- _WORK TO COMPLETE_
Leave out the pictures and restate the rest of the data exactly.

- _PROVIDED DATA_
╭──
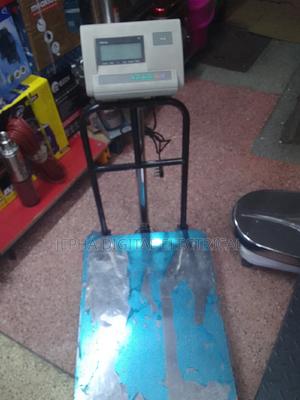 A12 Digital Scale - thumbnail 2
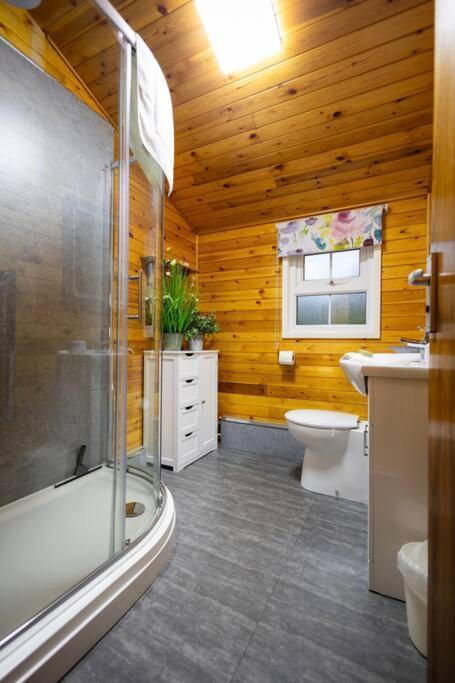 Rural Log Cabin In Snowdonia Near Coed Y Brenin By Seren Short Stays Ffestiniog Exteriér fotografie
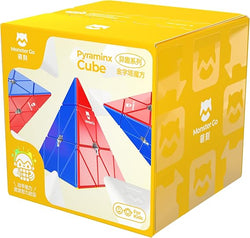 Monster Cube Pyramid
╰──
- _RESULT OF THIS EXERCISE_
 A12 Digital Scale - thumbnail 2
 Rural Log Cabin In Snowdonia Near Coed Y Brenin By Seren Short Stays Ffestiniog Exteriér fotografie
 Monster Cube Pyramid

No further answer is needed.